I have a long history with growing things.

When I was growing up, we had a terrace off of our 16th floor apartment. It was pretty large for a New York City terrace, and my mother's pride and joy was keeping up her rock garden and flower boxes. She even had a gardener - Mr. Anderson, whom I believed was Hans Christian Anderson. I was buried in books even then.

So, having witnessed the seemingly effortless roses, pansies, bittersweet, etc., spring to life each season, I figured, "How hard can this be?"

Fast forward to my beginning days as a teacher. I decided that my third grade classroom needed lots of plants in order to be homey, so I filled our window ledges with small treasures from K-Mart a few days before school opened. By mid-October, they were all dead.

There was no mystery in this - plants need water, and if you don't water them, well, they die.

So I tried again in November, enlisting the help of some of my most avid and active little learners. This was more successful - the plants held on up to December break. Success!

Then, of course, I didn't take them home with me, so...

Dead again by January 3rd.

My plant career continued accordingly, until, by my third year of teaching, I finally gave up.

I was quite happy in this non-growing vein, until I got married and we bought our first house. The previous owners had done a lovely job of landscaping around our little starter home - trillium, hostas, chinese lanterns and a lovely Rose of Sharon. And miraculously, for the 5 years we lived there, they all survived. But again, I wasn't actually nurturing these - they'd had many years of good care before I came into the picture.

Now we live in the house that I hope we'll live in until we die or until they cart us away. It has nearly a full acre, including a back garden, and a little front patch of garden, plus plantings around the front of the house.

It became clear to me that that back garden was too much for me to handle - I decided a rock garden would be a better way to go.

Let me just put it this way...

I've never made a bad investment (I'm very conservative in this area) other than what I invested in our landscape planner.

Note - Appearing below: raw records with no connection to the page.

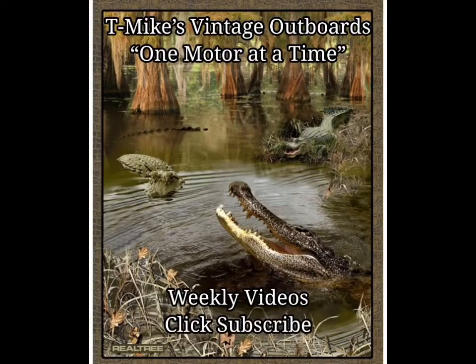Hope you enjoyed the video. Here at T-Mike's Vintage Outboards we're doing one motor at a time. Please click on subscribe — I promise to do weekly videos. Au revoir mes amis and laissez les bons temps rouler.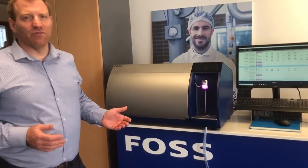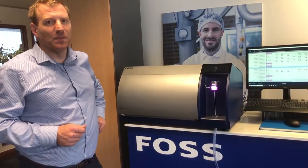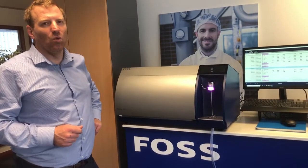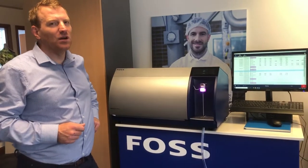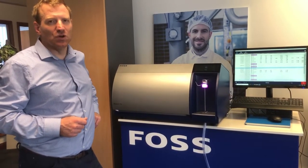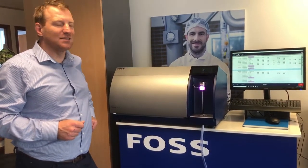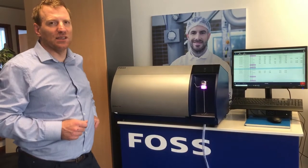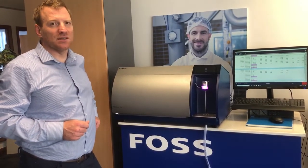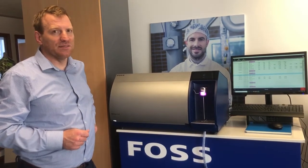Internet connectivity gives transferability — because every MilkaScan FT3 is the same out of the factory, you can now calibrate one instrument in a network and send that calibration to multiple sites. For large companies with lots of sites and lots of milk analyzers, that can give you great savings. If you want to have a chat about the MilkaScan FT3, just contact one of your local FOSS representatives.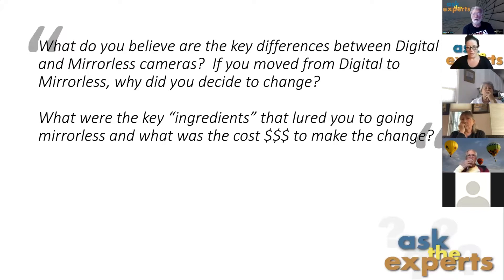That's all I have on focus stacking and focusing. The second question was: what are the key differences between DSLR and mirrorless cameras? If you moved from DSLR to mirrorless, why did you decide to change, what lured you to buy mirrorless, and what was the cost to make that change? I'm glad I got this question because I was a slow adopter — I only switched in 2020, waiting for the Canon R5, whereas some people in this club have been using mirrorless for eight to ten years.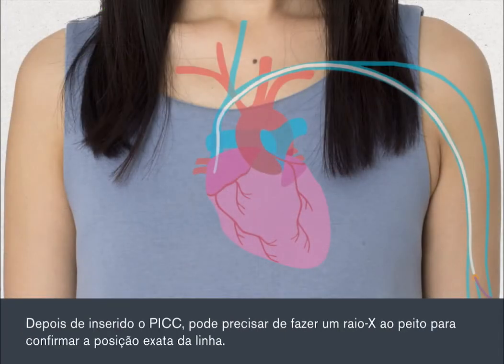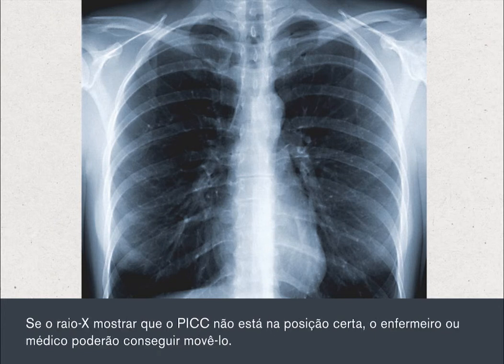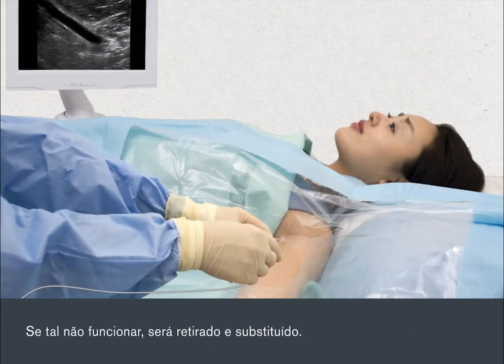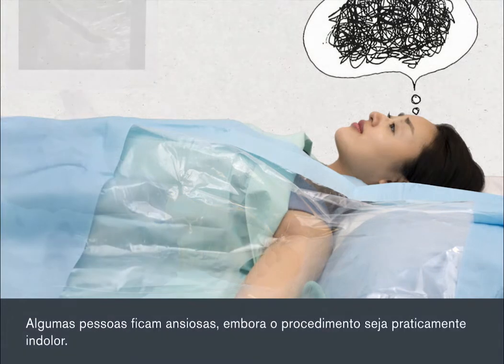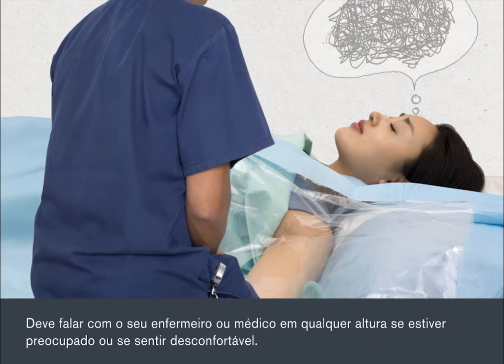Once the PIC has been inserted, you may need to have a chest X-ray to confirm the exact position of the line. If the X-ray shows the PIC is not in the right place, the nurse or doctor may be able to move it. If this doesn't work, it will be taken out and replaced. Some people do feel anxious, even though the procedure is almost painless. You should talk to your nurse or doctor at any time if you're worried or feel uncomfortable.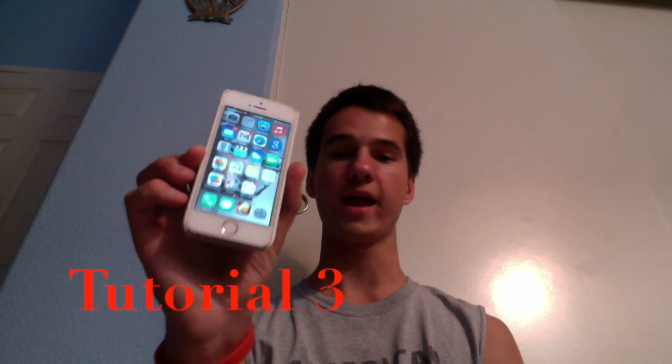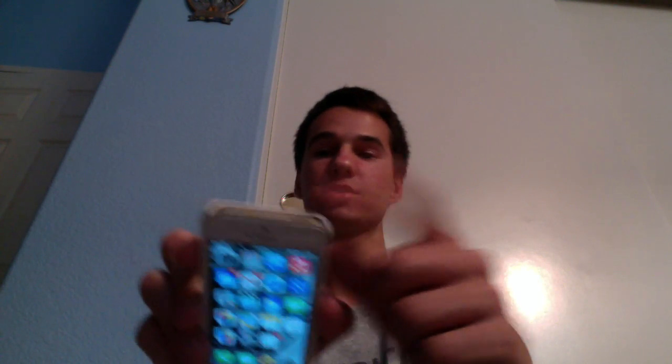Hello ladies and gents, Roke here and welcome to another iPhone tutorial. In this tutorial we're going to be covering more of the outside of the iPhone. Previous tutorials covered the power button, the home button, and the volume down and volume up buttons.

His solution was to toss a few boulders among the already existing plants, send in two college kids to (barely) plant a couple of trees which died within two months, and tear up ground cover, without replacing plants in those areas. A lot of money was spent, and at this point, four years later, we have literally nothing to show for it. We still have the plantings that the previous owners left us... again, they did a good job and I now can manage watering, for the most part.

Well, given my history and my not-so-green thumb, we grow deer. Whereas they are the scourge of other gardeners, we just welcome them in to eat whatever it is that served as plants from our landscaping fiasco. They tromp through the neighborhood in any case, going their daily rounds, and those of our neighbors who are serious about gardening have electric or cyclone fences.

We don't.

We have deer.

And one deer happens to have three of the cutest fawns I've ever seen, so we enjoy our browns and whites, and forego the pleasures of riotous color that more talented gardeners are able to cultivate.


anno said...

You sound like my kind of gardener! M., however, has issues with gardening ... and especially contentious issues with the deer.

pseudowife said...

I don't have a garden, I have a habitat (much to my neat-street neighbours' horror). I would much rather host wildlife than trim hedges. You have my kind of garden.